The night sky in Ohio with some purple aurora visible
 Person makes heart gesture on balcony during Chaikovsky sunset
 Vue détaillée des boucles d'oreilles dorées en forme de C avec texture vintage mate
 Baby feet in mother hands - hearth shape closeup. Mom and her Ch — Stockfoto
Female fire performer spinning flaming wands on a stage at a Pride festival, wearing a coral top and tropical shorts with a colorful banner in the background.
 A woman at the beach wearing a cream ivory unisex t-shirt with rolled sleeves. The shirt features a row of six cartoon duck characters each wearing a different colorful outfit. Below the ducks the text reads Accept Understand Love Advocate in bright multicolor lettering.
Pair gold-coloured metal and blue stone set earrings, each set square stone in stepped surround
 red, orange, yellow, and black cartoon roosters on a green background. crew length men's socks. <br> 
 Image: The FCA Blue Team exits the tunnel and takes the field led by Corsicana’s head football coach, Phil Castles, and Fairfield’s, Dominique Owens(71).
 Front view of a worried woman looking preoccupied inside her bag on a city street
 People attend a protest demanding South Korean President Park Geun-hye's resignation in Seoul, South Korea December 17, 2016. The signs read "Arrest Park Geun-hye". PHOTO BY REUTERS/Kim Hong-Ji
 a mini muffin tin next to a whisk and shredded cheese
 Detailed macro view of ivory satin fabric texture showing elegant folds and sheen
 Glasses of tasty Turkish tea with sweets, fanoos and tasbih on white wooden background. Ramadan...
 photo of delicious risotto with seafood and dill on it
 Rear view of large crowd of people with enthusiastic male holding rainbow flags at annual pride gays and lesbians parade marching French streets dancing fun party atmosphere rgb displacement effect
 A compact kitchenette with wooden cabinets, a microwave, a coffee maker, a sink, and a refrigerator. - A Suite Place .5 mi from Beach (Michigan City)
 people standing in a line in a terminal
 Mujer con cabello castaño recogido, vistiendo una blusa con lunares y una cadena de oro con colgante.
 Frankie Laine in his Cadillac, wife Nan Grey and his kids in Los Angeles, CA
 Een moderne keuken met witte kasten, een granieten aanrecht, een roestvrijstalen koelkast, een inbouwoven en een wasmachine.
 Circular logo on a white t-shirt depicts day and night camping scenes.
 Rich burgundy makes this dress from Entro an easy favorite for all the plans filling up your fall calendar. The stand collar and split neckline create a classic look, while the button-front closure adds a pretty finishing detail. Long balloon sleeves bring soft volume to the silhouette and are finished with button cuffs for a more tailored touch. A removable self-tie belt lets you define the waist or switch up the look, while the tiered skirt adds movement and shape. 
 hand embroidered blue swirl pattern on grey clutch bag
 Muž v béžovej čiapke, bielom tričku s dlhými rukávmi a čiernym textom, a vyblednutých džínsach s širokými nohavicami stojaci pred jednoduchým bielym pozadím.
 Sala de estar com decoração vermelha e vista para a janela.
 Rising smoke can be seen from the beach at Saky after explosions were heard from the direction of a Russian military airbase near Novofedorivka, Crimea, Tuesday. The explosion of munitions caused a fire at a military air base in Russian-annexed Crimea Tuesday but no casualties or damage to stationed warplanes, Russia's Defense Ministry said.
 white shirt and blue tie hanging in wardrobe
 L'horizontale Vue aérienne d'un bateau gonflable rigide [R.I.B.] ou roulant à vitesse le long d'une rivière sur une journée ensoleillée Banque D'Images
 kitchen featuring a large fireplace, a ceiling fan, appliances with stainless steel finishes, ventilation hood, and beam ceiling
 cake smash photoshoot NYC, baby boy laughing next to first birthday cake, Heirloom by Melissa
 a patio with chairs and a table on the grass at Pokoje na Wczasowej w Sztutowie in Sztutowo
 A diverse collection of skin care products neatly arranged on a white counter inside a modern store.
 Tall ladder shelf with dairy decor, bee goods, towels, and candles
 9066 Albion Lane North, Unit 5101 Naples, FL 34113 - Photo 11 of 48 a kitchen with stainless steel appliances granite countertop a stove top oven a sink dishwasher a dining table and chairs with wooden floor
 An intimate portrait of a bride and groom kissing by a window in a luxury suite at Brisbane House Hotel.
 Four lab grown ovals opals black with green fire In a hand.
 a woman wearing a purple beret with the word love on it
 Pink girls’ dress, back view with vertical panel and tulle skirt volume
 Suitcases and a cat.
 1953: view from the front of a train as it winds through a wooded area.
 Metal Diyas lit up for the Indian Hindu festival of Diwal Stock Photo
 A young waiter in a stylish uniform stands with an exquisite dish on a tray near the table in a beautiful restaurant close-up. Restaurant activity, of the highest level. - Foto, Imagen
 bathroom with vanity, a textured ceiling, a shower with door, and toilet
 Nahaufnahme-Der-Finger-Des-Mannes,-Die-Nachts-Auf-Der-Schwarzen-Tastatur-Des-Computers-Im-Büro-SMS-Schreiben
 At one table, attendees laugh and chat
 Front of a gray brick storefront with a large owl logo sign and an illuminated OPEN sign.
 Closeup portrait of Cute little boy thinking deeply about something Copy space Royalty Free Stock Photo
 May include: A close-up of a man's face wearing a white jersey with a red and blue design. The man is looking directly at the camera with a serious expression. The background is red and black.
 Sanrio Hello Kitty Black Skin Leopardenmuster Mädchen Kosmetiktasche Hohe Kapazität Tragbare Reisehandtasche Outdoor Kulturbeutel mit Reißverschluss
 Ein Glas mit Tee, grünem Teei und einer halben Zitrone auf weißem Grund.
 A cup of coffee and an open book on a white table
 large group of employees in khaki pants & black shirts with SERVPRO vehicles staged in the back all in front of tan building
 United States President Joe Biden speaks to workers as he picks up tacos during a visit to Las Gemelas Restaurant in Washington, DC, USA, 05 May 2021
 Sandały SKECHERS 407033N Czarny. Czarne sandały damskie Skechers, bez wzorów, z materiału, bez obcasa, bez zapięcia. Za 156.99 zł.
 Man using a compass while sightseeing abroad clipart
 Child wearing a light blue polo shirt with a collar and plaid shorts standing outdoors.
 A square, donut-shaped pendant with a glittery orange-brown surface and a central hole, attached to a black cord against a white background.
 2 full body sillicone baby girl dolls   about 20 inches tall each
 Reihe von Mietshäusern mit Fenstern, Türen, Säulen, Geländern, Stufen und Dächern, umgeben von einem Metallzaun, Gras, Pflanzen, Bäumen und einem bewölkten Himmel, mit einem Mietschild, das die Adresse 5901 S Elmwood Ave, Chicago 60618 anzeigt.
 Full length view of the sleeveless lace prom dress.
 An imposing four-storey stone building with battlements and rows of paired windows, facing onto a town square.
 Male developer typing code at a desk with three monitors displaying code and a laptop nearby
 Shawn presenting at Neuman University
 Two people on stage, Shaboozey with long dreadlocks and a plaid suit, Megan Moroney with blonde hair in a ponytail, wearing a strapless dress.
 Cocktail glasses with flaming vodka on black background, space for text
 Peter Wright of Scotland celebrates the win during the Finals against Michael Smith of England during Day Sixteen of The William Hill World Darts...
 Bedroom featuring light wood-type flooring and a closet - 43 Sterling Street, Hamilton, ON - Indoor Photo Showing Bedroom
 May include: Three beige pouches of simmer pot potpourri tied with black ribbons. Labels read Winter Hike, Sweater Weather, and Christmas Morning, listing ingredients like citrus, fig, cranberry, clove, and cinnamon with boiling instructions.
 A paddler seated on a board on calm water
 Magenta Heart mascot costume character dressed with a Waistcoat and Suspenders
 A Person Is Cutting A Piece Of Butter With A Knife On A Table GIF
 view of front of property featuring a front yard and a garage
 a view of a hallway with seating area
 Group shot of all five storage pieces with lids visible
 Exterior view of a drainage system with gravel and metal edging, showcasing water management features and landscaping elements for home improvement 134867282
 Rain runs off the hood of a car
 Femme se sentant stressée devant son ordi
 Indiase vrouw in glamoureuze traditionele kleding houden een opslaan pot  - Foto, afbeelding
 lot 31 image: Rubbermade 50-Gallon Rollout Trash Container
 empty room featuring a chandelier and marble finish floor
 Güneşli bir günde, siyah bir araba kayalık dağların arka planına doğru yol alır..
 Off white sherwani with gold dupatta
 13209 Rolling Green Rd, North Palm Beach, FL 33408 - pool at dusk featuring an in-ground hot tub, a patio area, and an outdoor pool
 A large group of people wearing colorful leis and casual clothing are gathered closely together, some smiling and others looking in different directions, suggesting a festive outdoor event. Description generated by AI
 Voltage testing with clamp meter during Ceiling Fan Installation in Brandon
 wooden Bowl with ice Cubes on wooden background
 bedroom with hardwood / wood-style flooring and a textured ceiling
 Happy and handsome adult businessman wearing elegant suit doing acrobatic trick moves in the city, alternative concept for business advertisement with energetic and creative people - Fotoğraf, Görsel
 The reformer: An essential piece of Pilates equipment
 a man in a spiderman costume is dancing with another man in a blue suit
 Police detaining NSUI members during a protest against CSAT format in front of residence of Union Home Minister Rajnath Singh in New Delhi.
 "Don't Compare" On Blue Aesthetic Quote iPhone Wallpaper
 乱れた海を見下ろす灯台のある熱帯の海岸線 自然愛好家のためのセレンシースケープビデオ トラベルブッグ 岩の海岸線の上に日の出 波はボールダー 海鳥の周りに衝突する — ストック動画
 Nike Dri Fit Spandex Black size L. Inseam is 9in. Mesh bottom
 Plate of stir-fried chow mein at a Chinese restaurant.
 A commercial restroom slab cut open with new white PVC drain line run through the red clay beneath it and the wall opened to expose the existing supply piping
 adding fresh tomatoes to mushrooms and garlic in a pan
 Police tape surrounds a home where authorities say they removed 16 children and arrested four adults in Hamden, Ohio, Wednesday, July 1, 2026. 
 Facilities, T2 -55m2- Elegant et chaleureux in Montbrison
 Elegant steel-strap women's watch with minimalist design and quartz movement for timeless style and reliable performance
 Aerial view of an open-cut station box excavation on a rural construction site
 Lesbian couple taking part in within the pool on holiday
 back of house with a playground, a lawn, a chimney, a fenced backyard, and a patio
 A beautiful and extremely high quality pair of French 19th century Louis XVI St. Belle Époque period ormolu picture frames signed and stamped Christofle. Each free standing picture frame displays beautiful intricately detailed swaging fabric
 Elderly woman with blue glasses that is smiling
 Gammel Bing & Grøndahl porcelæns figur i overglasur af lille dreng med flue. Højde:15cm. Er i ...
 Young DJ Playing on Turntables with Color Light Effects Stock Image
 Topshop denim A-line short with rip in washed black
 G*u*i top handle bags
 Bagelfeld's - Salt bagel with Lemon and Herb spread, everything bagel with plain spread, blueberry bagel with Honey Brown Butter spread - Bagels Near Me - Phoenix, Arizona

(Problem requirements): Please reproduce exactly the lines in the listing above from the one containing "A diverse collection" through the one containing "Tall ladder shelf", both included, and nothing more.

(Solution for this task):
 A diverse collection of skin care products neatly arranged on a white counter inside a modern store.
 Tall ladder shelf with dairy decor, bee goods, towels, and candles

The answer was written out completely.